## Task instructions
Without pictures, retype the following entries exactly.

Source data
>>

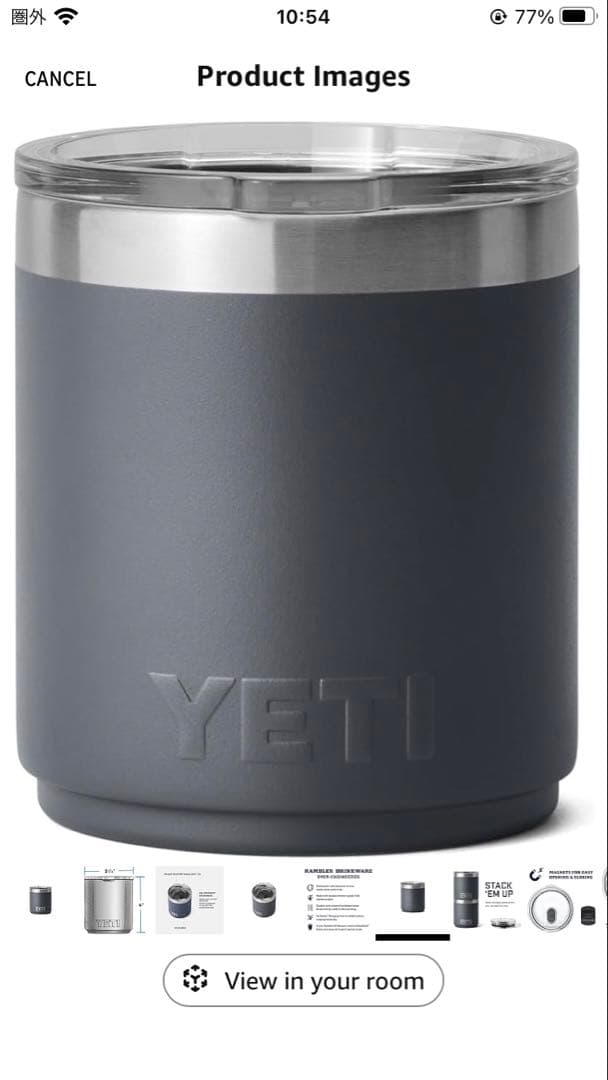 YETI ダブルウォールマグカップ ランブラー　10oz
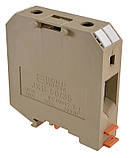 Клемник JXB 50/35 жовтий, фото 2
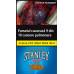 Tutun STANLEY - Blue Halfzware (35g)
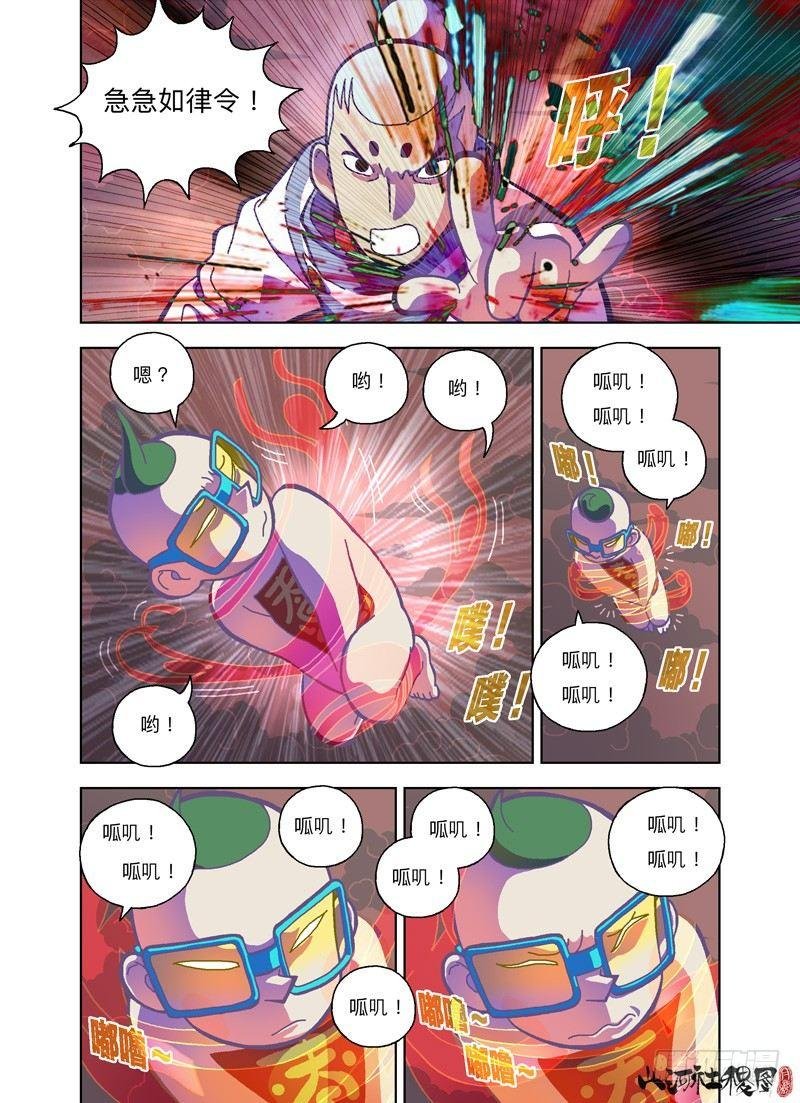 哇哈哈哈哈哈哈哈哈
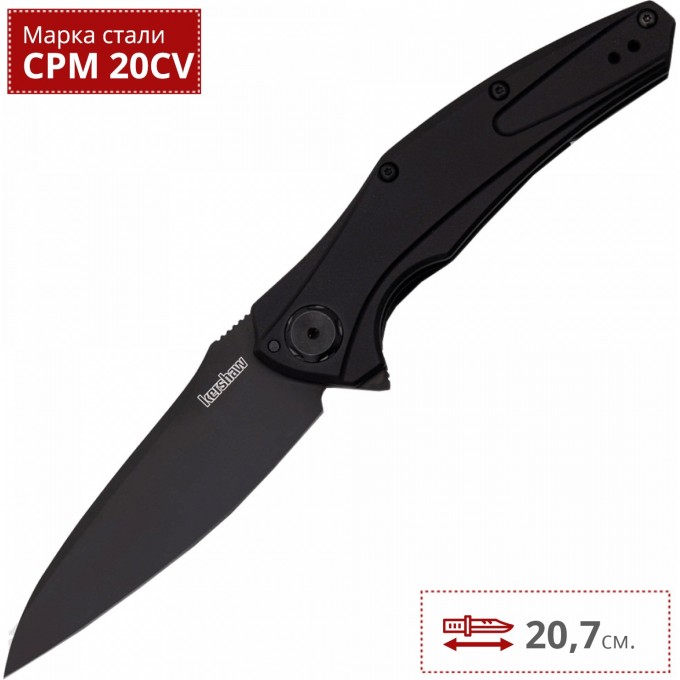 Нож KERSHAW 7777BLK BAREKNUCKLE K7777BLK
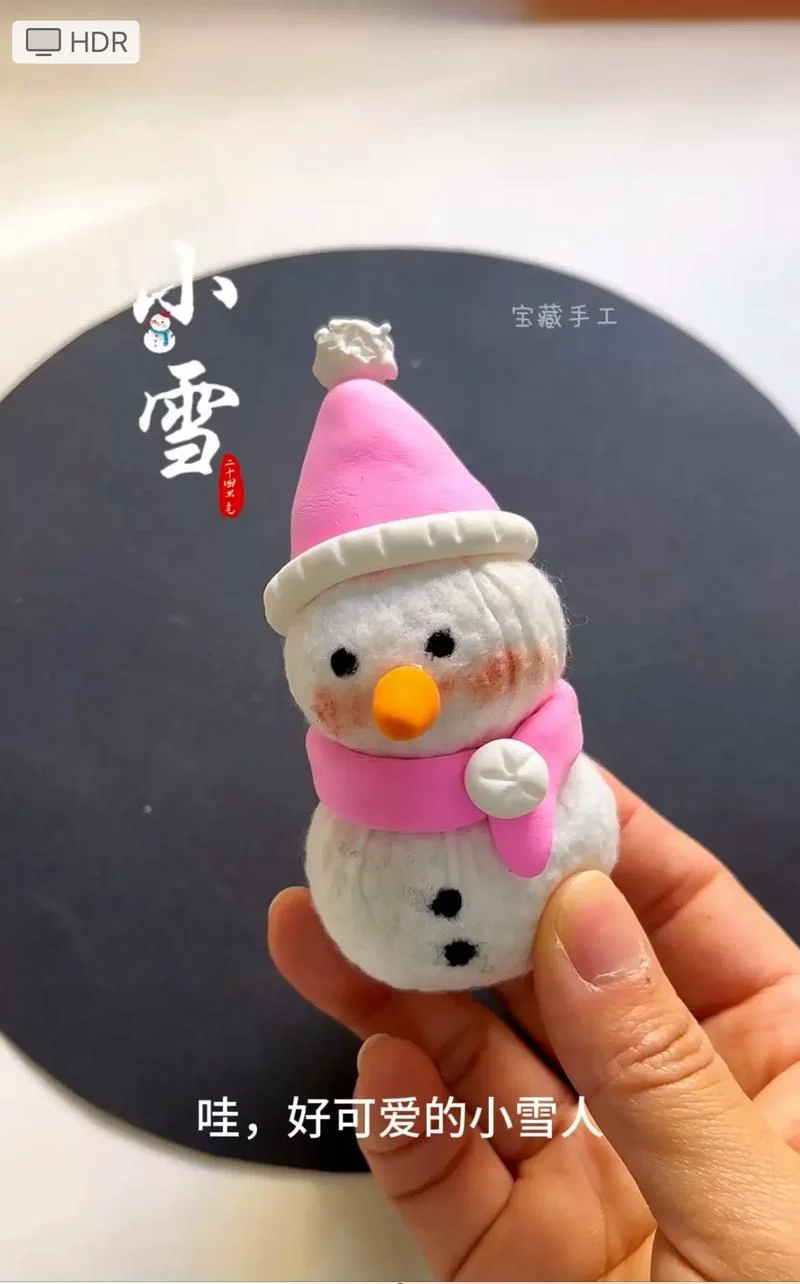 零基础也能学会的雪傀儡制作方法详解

<<

## Written answer
 YETI ダブルウォールマグカップ ランブラー　10oz
 Клемник JXB 50/35 жовтий, фото 2
 Tutun STANLEY - Blue Halfzware (35g)
 哇哈哈哈哈哈哈哈哈
 Нож KERSHAW 7777BLK BAREKNUCKLE K7777BLK
 零基础也能学会的雪傀儡制作方法详解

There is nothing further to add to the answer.